I'm currently working on a php script (for a newspaper site) that searches an index for matching articles. It then grabs a small portion of the story that shows where the match occured in the story body.

The code works perfectly, except for one scenario. There are typically no right answers with programming (meaning, an end result can be derived by many different means), but some solutions are definitely better than others.

For example, in the newspaper realm, users often search for articles (or obits, weddings and such) that contain specific names. Lets say a user searches the site's archives for "john doe."

It does the query, finds the articles, and begins extracting "snippets" of the story (so many words left and right of the queried word) where the query word was found (think "google" or "yahoo").

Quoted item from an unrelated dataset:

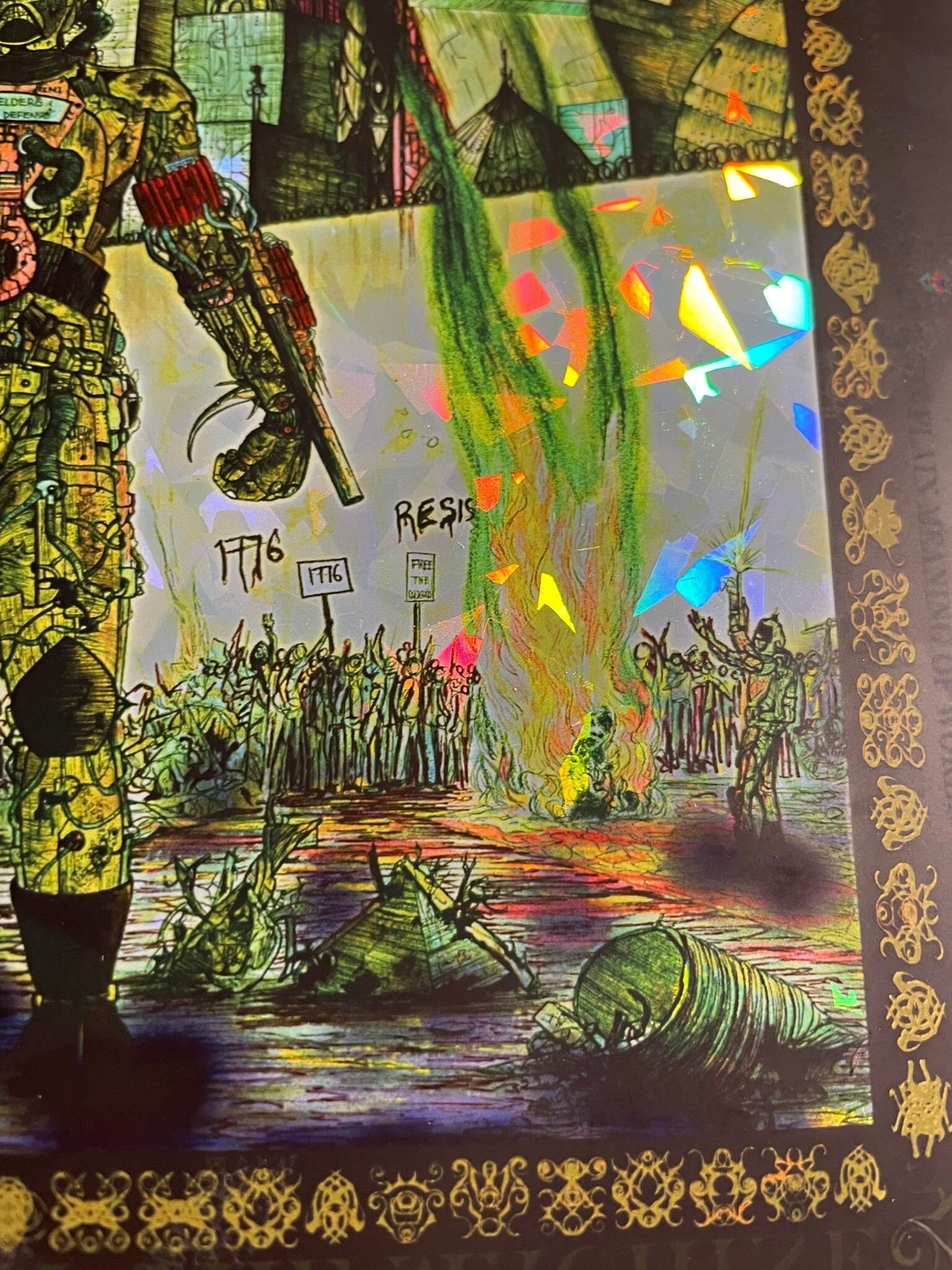 Rage Against The Machine Coachella 07 Foil 8x10 Edition of 10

In this example, lets say this is a portion of the story in the archive:

"The city council unanimously agreed with John Doe's proposal to add street lights to the intersection of first and main."

My search code first looks for the word "John" (first word in the query) and grabs something like this:

"...agreed with John Doe's proposal..."

it then looks at the second word in the query, "Doe" and grabs this:

"...with John Doe's proposal to..."

You see, there is redundancy here. If I display the results together, it reads like this:

"...agreed with John Doe's proposal"..."with John Doe's proposal to..."

It is highly redundant and looks very stupid.

I'm looking for a clean, but scalable solution. In other words, I would like an approach that is variable to the number of words in my query.

How would you suggest I approach this?

sfullman

Hmm.. computers are stupid, you're almost going to have to know string positions to merge those together. It should actually be very simple, string 1 with John starts say at 1000 in the string, string 2 starts with 1006 - just write a function to merge them.

If this helps send me some of your code, I'd be interested in seeing your approach.

another slower method is word splits

$array=preg_split('/\s+/',$string);

you then iterate through the array, but the splitting will cost you time-wise if you get too fancy.

Sam

tisource

Splicing the two strings together wasn't something I had considered.

I have actually considered eliminating the second string if other query words were in string one.

In other words, "Doe" is found in extracted string 1, so kill string 2, because its not needed... but that isn't necessarily the cleanest or most efficient approach.